For this fee, Continuum offers ten hours of advising from "elite executive advisers," a plan to communicate layoffs to employees and the broader world, and an analysis to help with diversity, equity, and inclusion goals. They launched their layoff product line earlier this month, and, Church says, they've already had twelve prospective customers, in addition to six existing ones.
It can be in a company's self-interest to handle layoffs with tact and compassion. "If the company is lucky enough to survive, people will remember how they were treated during this time," Church says. "And if they were treated poorly, that will have an effect on your employer brand."
Seeing how they laid off or maltreated employees in the past, valuable workers might think twice about working for companies like Klarna or Better.com in the future. Moreover, the morale of a company's remaining employees obviously matters. If some workers are treated like garbage, it can damage overall performance and loyalty.
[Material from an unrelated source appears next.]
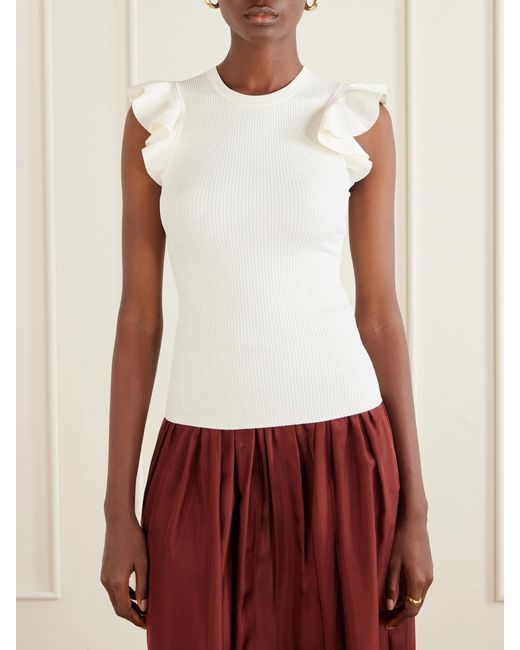 Zimmermann White Aster Frill Racer Ribbed-Knit Tank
Church recommends that companies be kind to workers they let go and offer them at least four weeks severance pay. He advises companies cut once and cut deep to try and prevent a drip, drip, drip of agony at the company. And he says companies need to think strategically about their workers who remain, including "tucking in" their highest performers, with either cash or equity. "You want to make sure that they are there to help you get through this moment," Church says.
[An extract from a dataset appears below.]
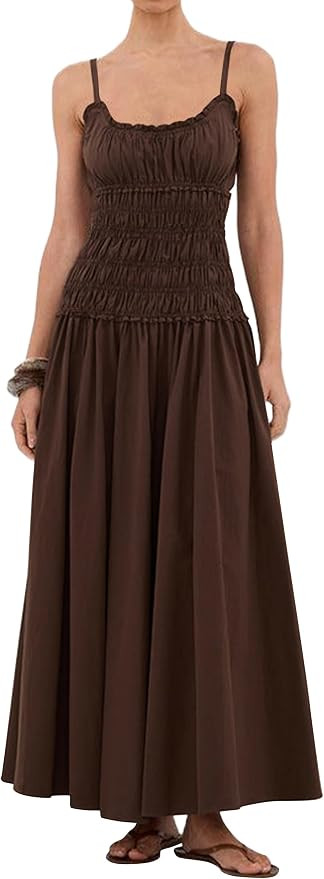 Womens Spaghetti Strap Smocked Maxi Dress Beach Flowy Sundress | Fit and Flare Scoop Neck Long Dr... | Amazon (US)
With the new launch of their layoff product line, a cynic might accuse Continuum of shameless opportunism, profiting from others' misery. But Church sees tremendous value in the services his company provides. He responds to this potential criticism: "I would say have some empathy for the founders and early HR people who have never done this before and who want to do this the right way."
Of course, we should also have some empathy for the workers themselves. Economic research finds that those laid off have higher mortality rates and potentially a lifetime of lower earnings. Church says one of its partners, a company called Dover, offers a website called "One Soft Landing," which tries to help laid off tech workers find new jobs. But, he admits, "there is a gap in the market to help these people, and, frankly, I wish there was more we could do."
Being laid off tends to be more harmful to workers than losing a job due to a business closure, research finds, because a layoff serves as an ominous signal to future employers. In a world of imperfect information, employers look for cues to assess the value of potential recruits, and a past layoff can brand workers as unproductive or lazy or untrustworthy. Call it the Scarlet Cover Letter.